━━━ Data for the task ━━━
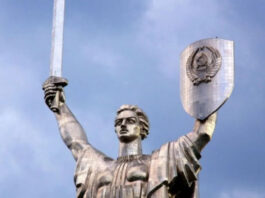 Дерусификация: в Киеве начались работы над смену монумента «Родине-Матери»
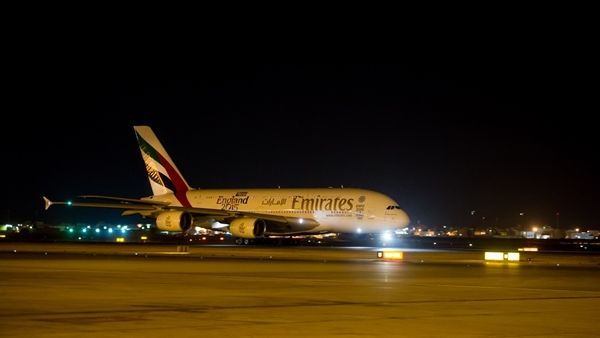 	طائرة الإمارات الإيرباص A380 تهبط الليلة الفائتة في مطار البحرين الدولي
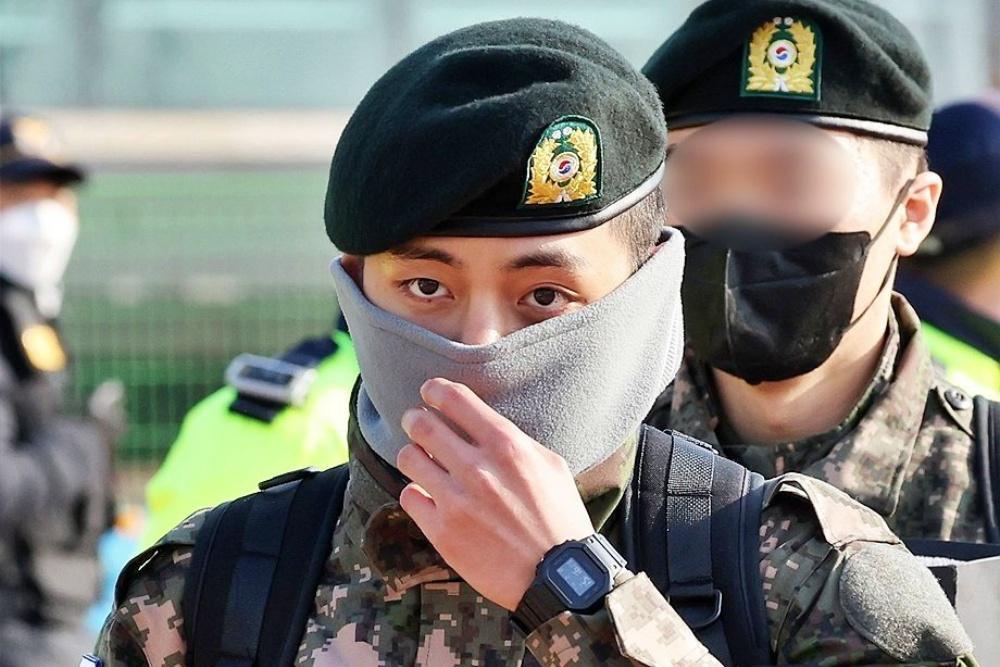 Potret Terbaru V 'BTS' yang Mulai Tugas di Polisi Militer
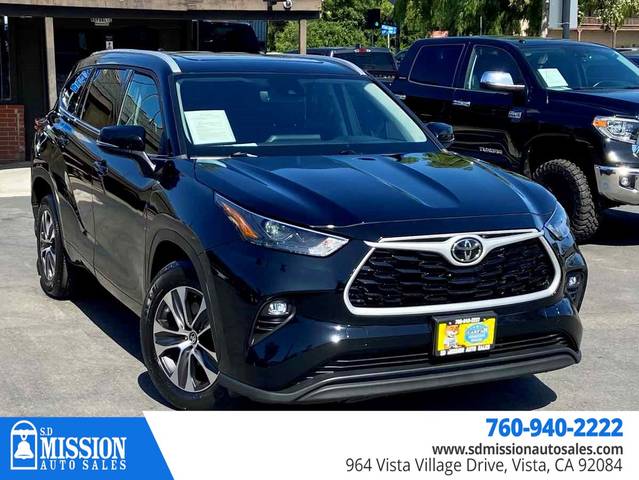 2022 Toyota Highlander XLE FWD photo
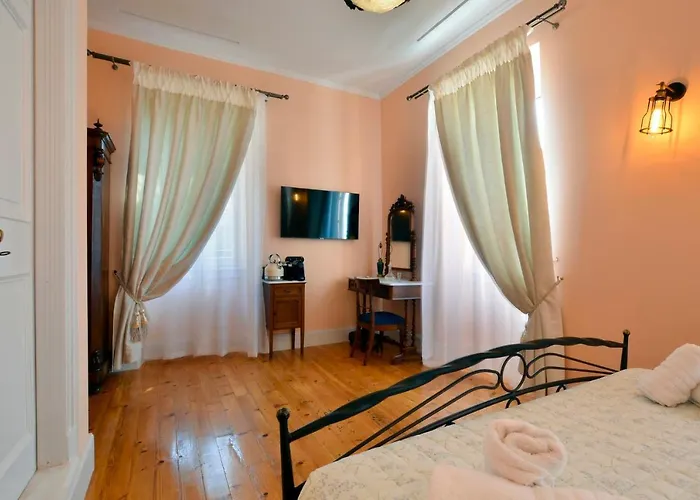 Aparthotel History House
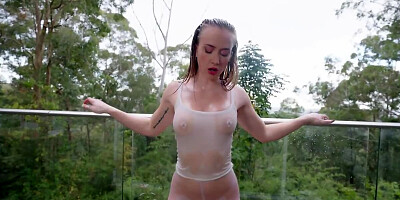 Lovely enjoys anal masturbation outdoors after oiling nice ass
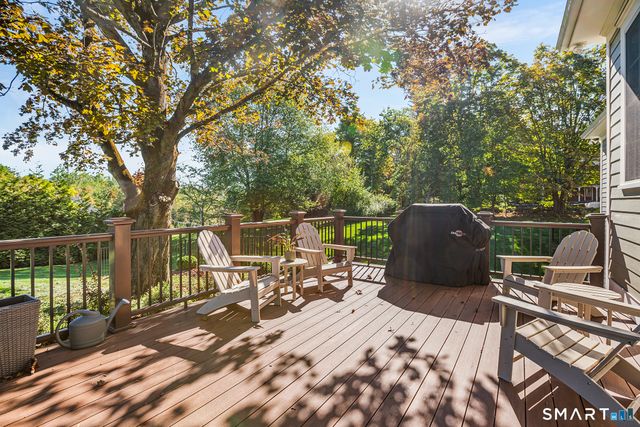 2 Doe Hollow Drive, Trumbull, CT 06611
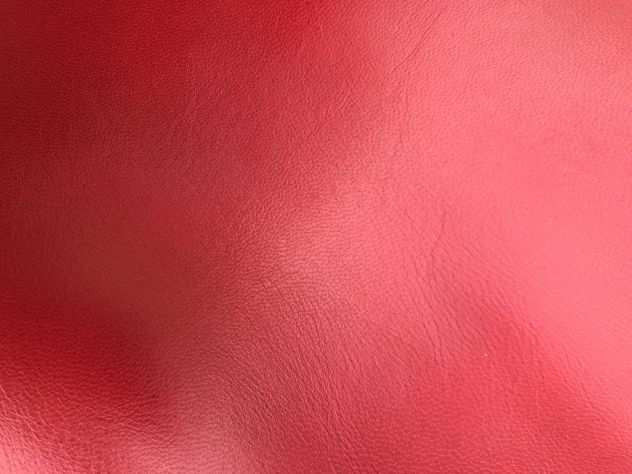 Pelle colore rosso rubino per artigianato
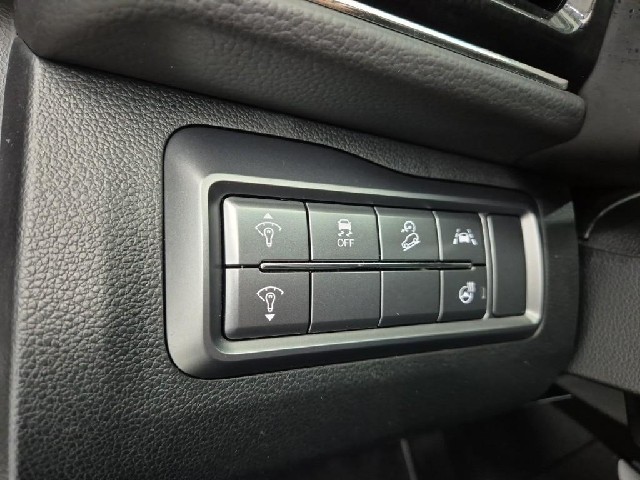 6081001814R17.jpg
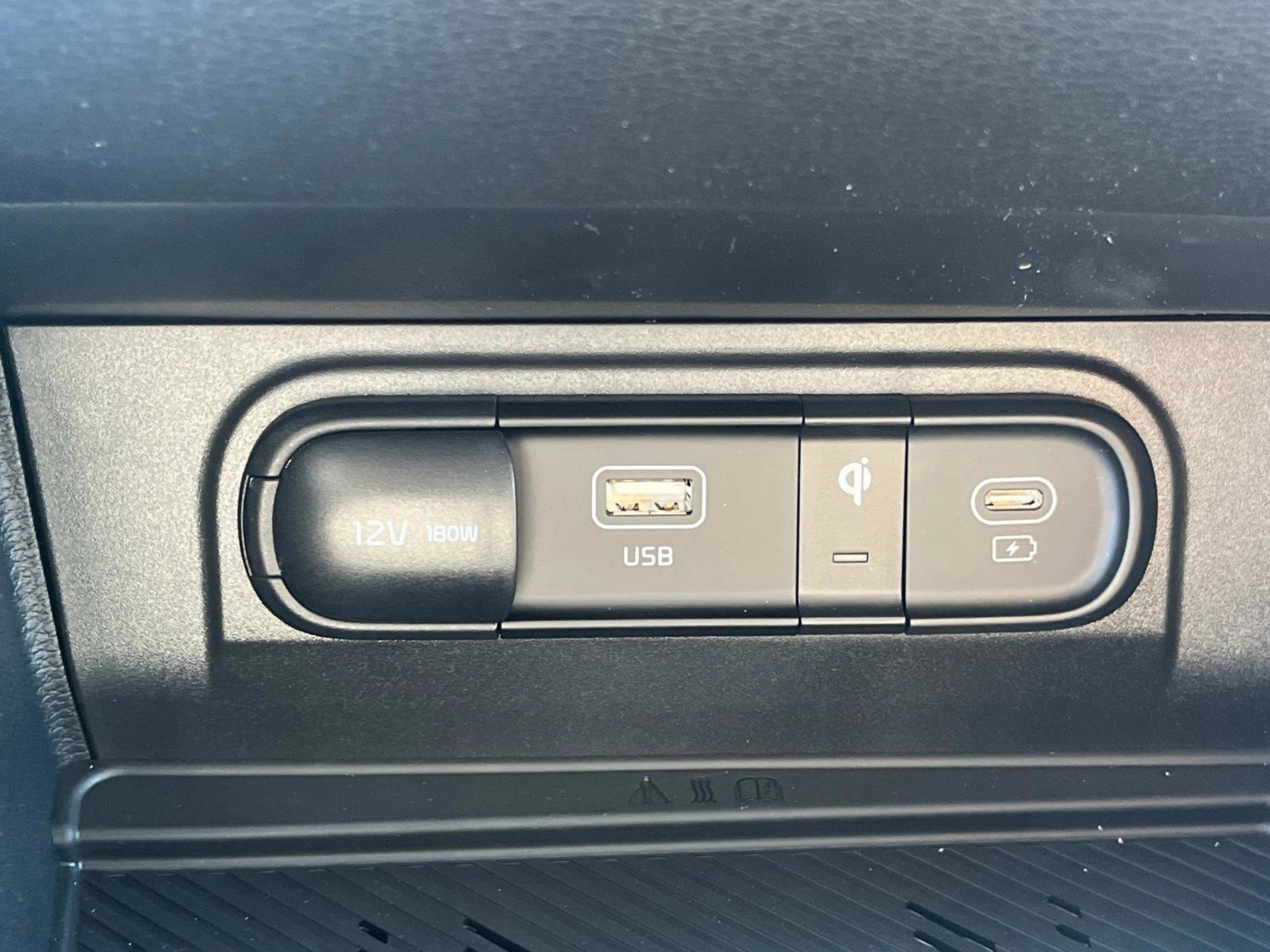 2025 Kia Sportage SX Prestige - Photo 33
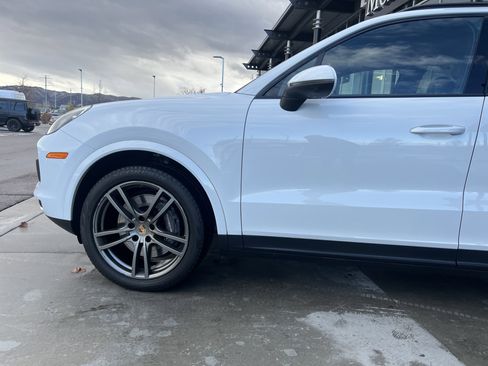 Used 2023 Porsche Cayenne image 9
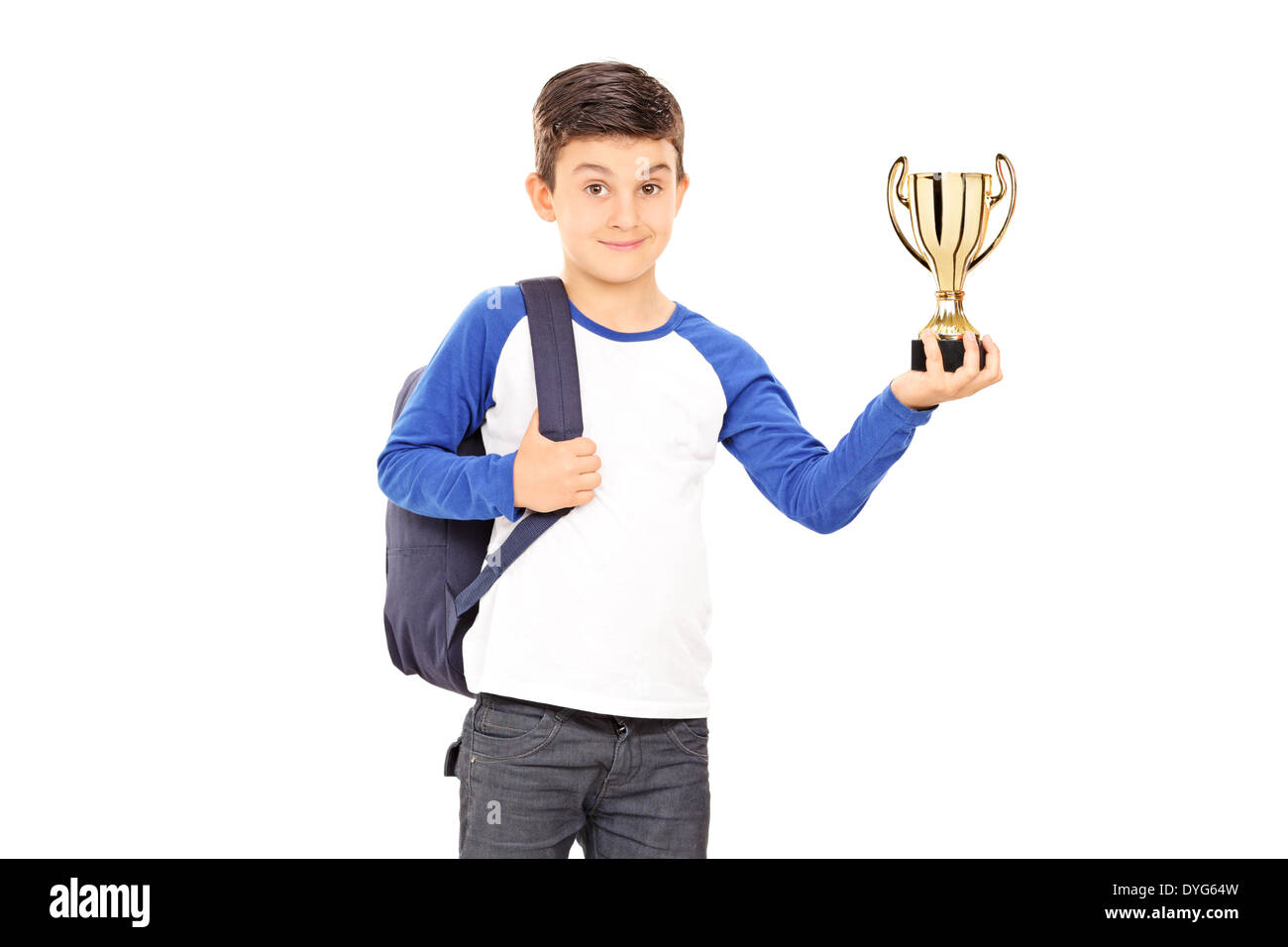 Ragazzo con zaino tenendo un trofeo Foto Stock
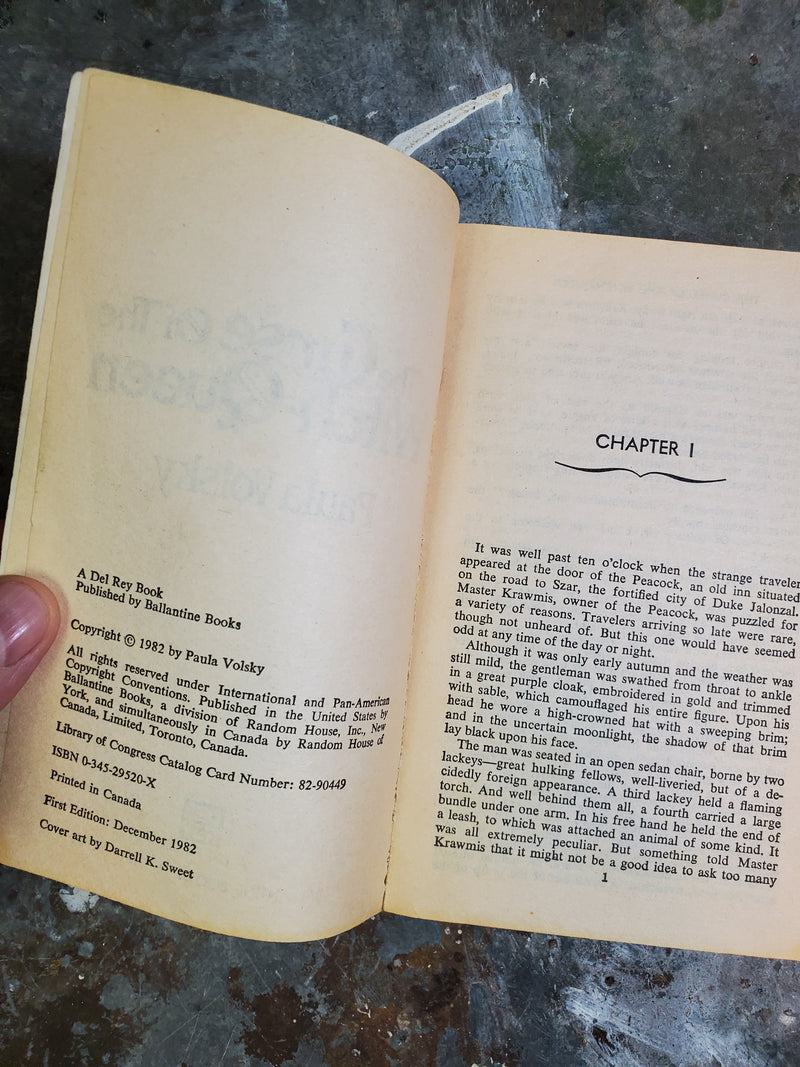 The Curse Of The Witch Queen - Paula Volsky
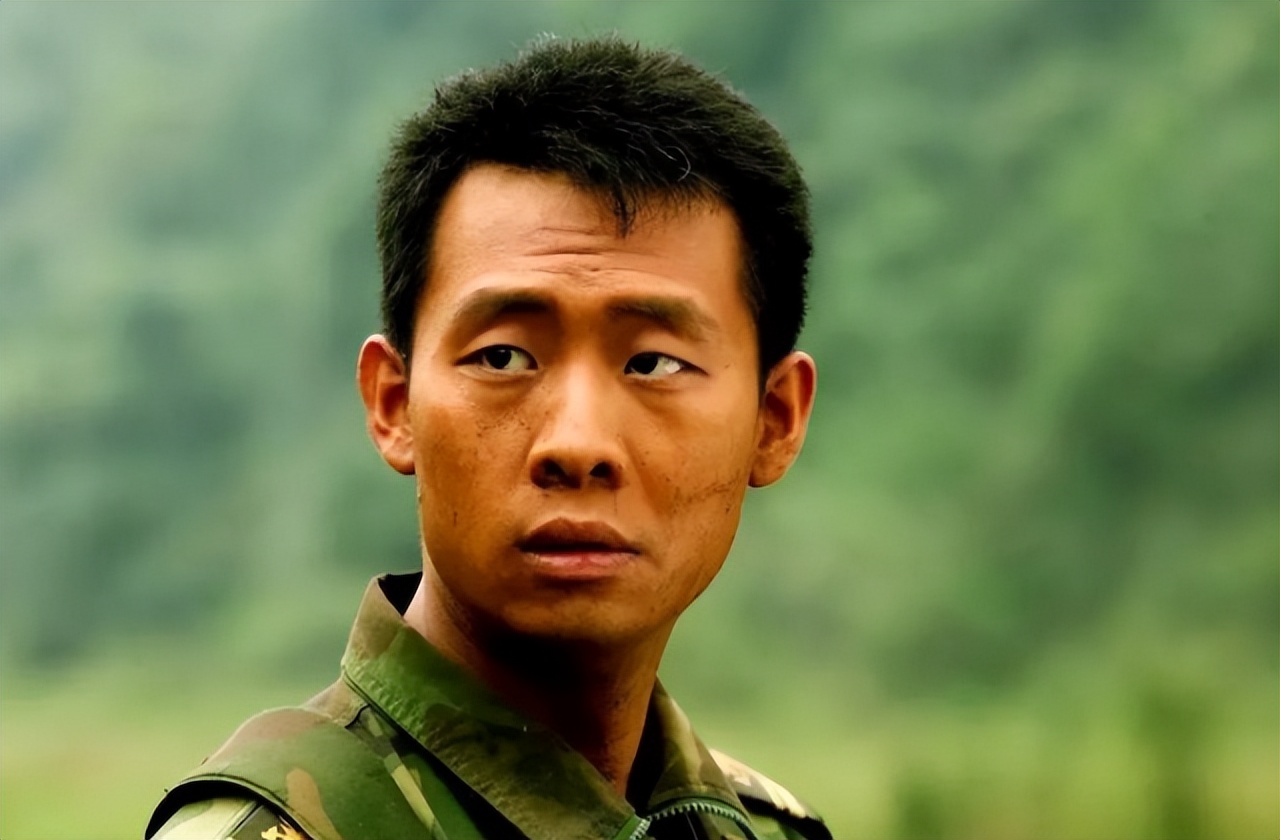 张译几几年结婚的,张译为何娶大6岁二婚妻子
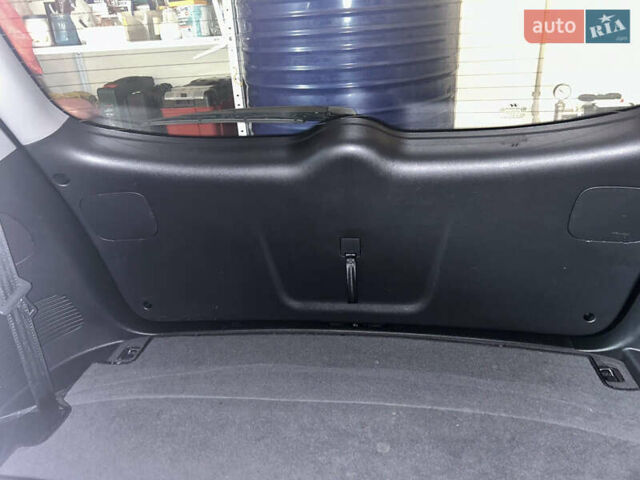 Хендай Санта Фе, объемом двигателя 2.7 л и пробегом 90 тыс. км за 12700 $, фото 77 на Automoto.ua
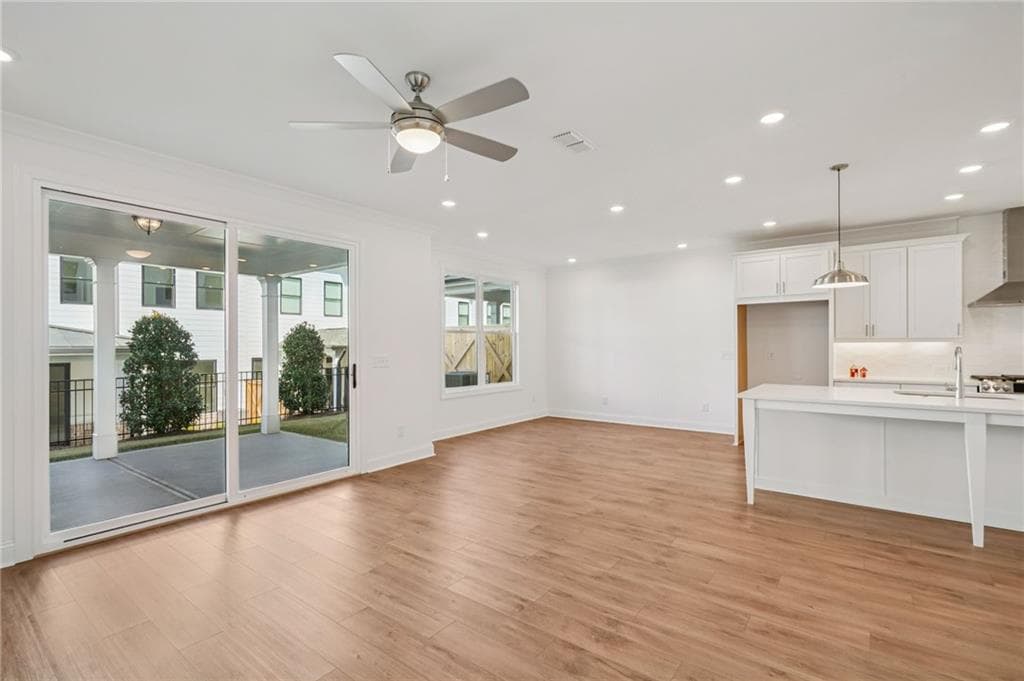 3 bedroom, 3 bathroom, 2,030 sq ft townhouse under contract at 4316 Burton Bend Way 147, Buford, GA 30518 — photo 6
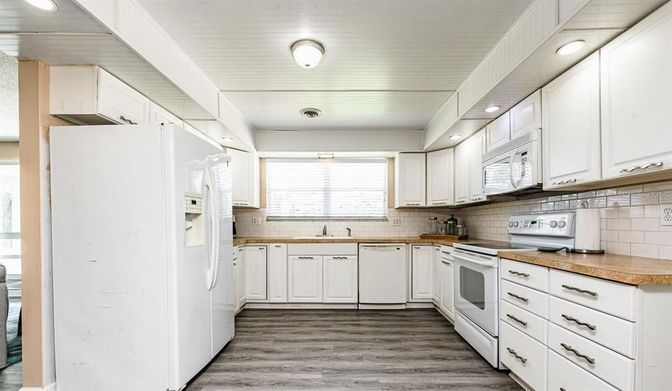 Interior, Kitchen, Recessed Lighting, Wood Texture Flooring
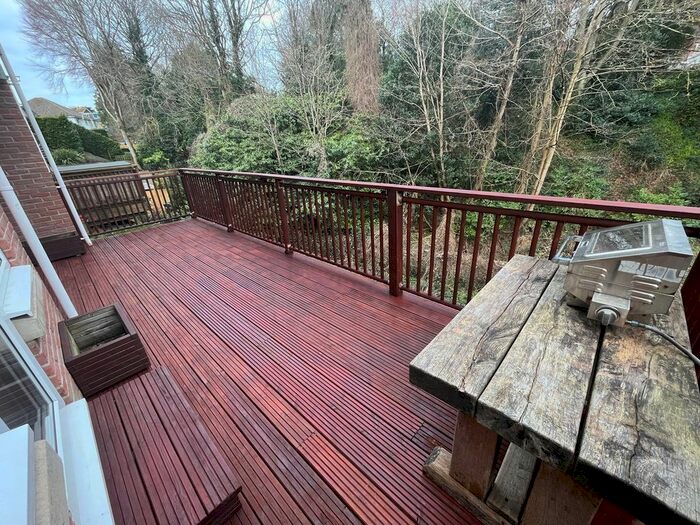 2 Bedroom Flat To Rent In Alumhurst Road, Bournemouth, BH4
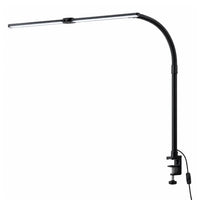 Zwarte lamp met lange lichtbalk, gebogen arm en tafelklem, vrijstaand op een witte achtergrond 2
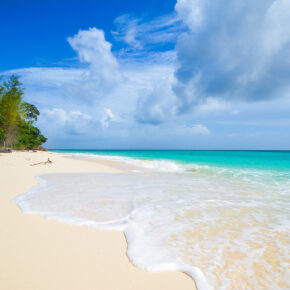 Traumurlaub in Thailand: 9 Tage Phuket mit Unterkunft & Flug um 525€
━━━
Print the entries again exactly as they appear above. Do not print the pictures.

--- Task output ---
 Дерусификация: в Киеве начались работы над смену монумента «Родине-Матери»
 	طائرة الإمارات الإيرباص A380 تهبط الليلة الفائتة في مطار البحرين الدولي
 Potret Terbaru V 'BTS' yang Mulai Tugas di Polisi Militer
 2022 Toyota Highlander XLE FWD photo
 Aparthotel History House
 Lovely enjoys anal masturbation outdoors after oiling nice ass
 2 Doe Hollow Drive, Trumbull, CT 06611
 Pelle colore rosso rubino per artigianato
 6081001814R17.jpg
 2025 Kia Sportage SX Prestige - Photo 33
 Used 2023 Porsche Cayenne image 9
 Ragazzo con zaino tenendo un trofeo Foto Stock
 The Curse Of The Witch Queen - Paula Volsky
 张译几几年结婚的,张译为何娶大6岁二婚妻子
 Хендай Санта Фе, объемом двигателя 2.7 л и пробегом 90 тыс. км за 12700 $, фото 77 на Automoto.ua
 3 bedroom, 3 bathroom, 2,030 sq ft townhouse under contract at 4316 Burton Bend Way 147, Buford, GA 30518 — photo 6
 Interior, Kitchen, Recessed Lighting, Wood Texture Flooring
 2 Bedroom Flat To Rent In Alumhurst Road, Bournemouth, BH4
 Zwarte lamp met lange lichtbalk, gebogen arm en tafelklem, vrijstaand op een witte achtergrond 2
 Traumurlaub in Thailand: 9 Tage Phuket mit Unterkunft & Flug um 525€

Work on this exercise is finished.